送走最后一个病人的时候,天色已经彻底暗下来了。
陆知行瘫坐在藤椅上,后背靠着椅背仰头望着天花板。
卫仁在柜台后面把药材抽屉一个一个锁好,又把戥子用绒布擦了擦放回原位,然后拎起柜台上那只老旧的药箱:
"陆先生,我得去看看萧小姐那边的情况,你今天忙了一天了,早点歇着吧。"
陆知行从藤椅上撑起来坐直了些:"路上小心,有事给我打电话。"
卫仁点了点头推门出去了。
回春堂安静下来。
陆知行在藤椅上坐了一会儿,脑海里浮起云瑶早上出门时那张疲惫的脸。
她这几天早出晚归,嘴唇发白。
他站起来拍了拍衣摆上的药渣,推门走了出去。
云氏集团。
陆知行从出租车上下来走进大堂的时候,值班保安正在前台后面打瞌睡。
他走到前台敲了敲台面,保安一个激灵坐起来认出他,连忙站起来刷卡放行:
"陆先生,云总在顶楼办公室,还没走。
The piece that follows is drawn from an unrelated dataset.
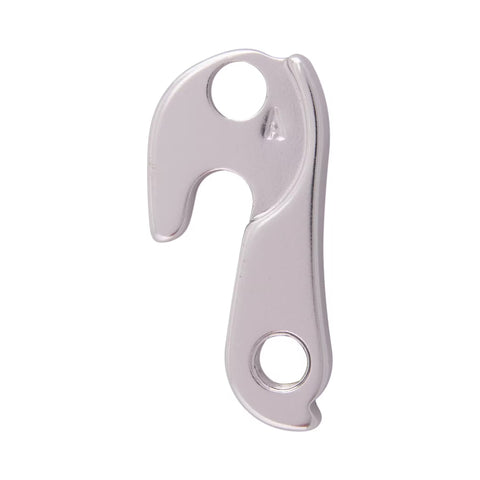 Schaltauge UNION GH-132, Art.-Nr. 07589963, silber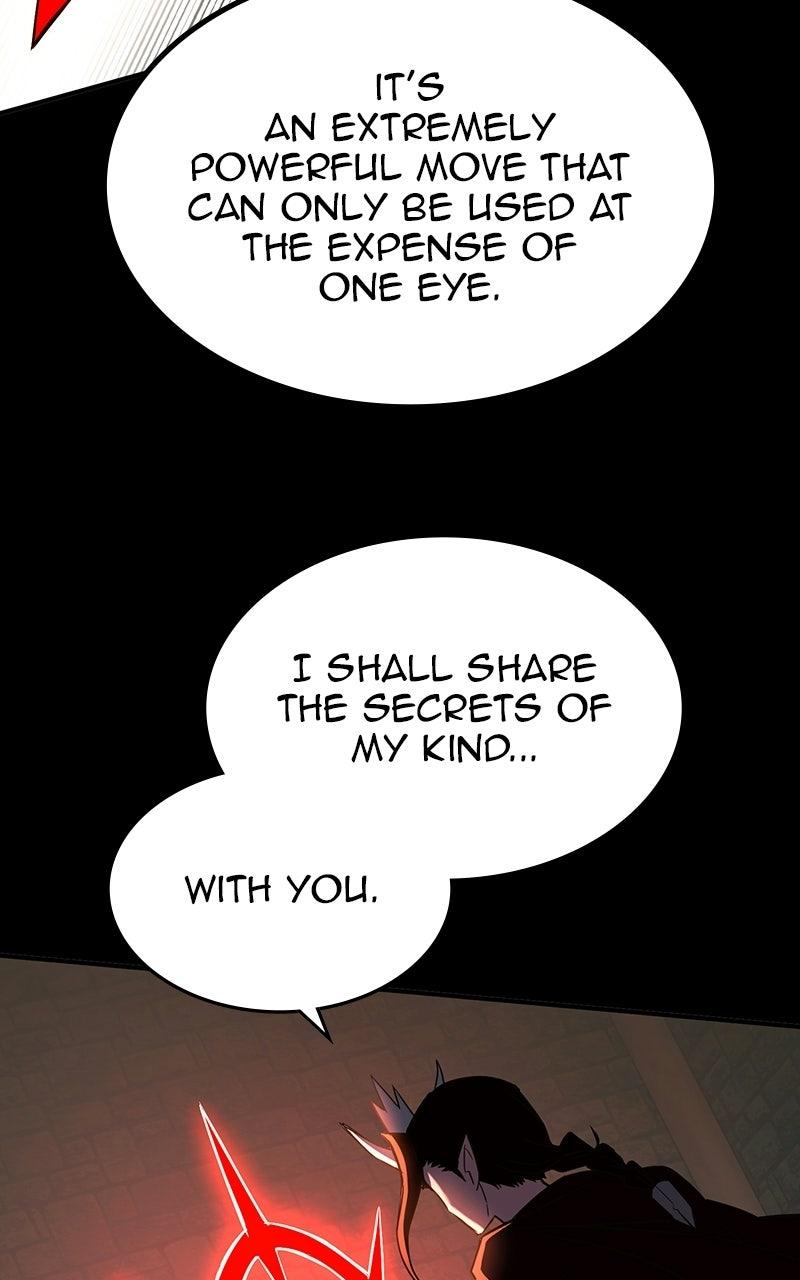 Read Hardcore Leveling Warrior chapter 155.1 image 52 on Lezhin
"
陆知行走进电梯按了顶楼。
他走过去轻轻推开门,看见云瑶背对着门口站在落地窗前,手里握着手机贴在耳边。
"李总,真的不能再宽限几天吗?我们已经在全力联系夏倾城那边了……”
“对对,我知道这个条件是合作的前提……您再给我们一周时间,我保证给您一个答复……"
电话那头传来几句含混的回应,然后挂断了。
云瑶慢慢放下手机,抬手揉了揉太阳穴,低着头站在窗前站了好一会儿。
她转身准备走回办公桌,脚步刚迈出去就看见了门口的陆知行。
她明显愣了一下,声音里带着意外和压不住的欢喜:
"你……你怎么来了?"
陆知行走进来,从兜里掏出一把奶糖放在她的办公桌上。
云瑶低头看着那把糖,嘴角忍不住翘了一下又压回去,嘴上却说着:
"你几岁了还买这种糖吃?"
她嘴上说着嫌弃,手已经不自觉地拿了一颗剥开塞进嘴里。
她拉着他坐到办公室靠墙的沙发上,伸手指了指办公桌上堆积如山的文件,整个人往沙发里一缩,声音闷闷的:
"你看看那摞东西,我快被埋进去了,我以为当了总裁就是签签字开开会,结果每天从这个会赶到那个会,开完会回来看文件,看完文件接着开会。”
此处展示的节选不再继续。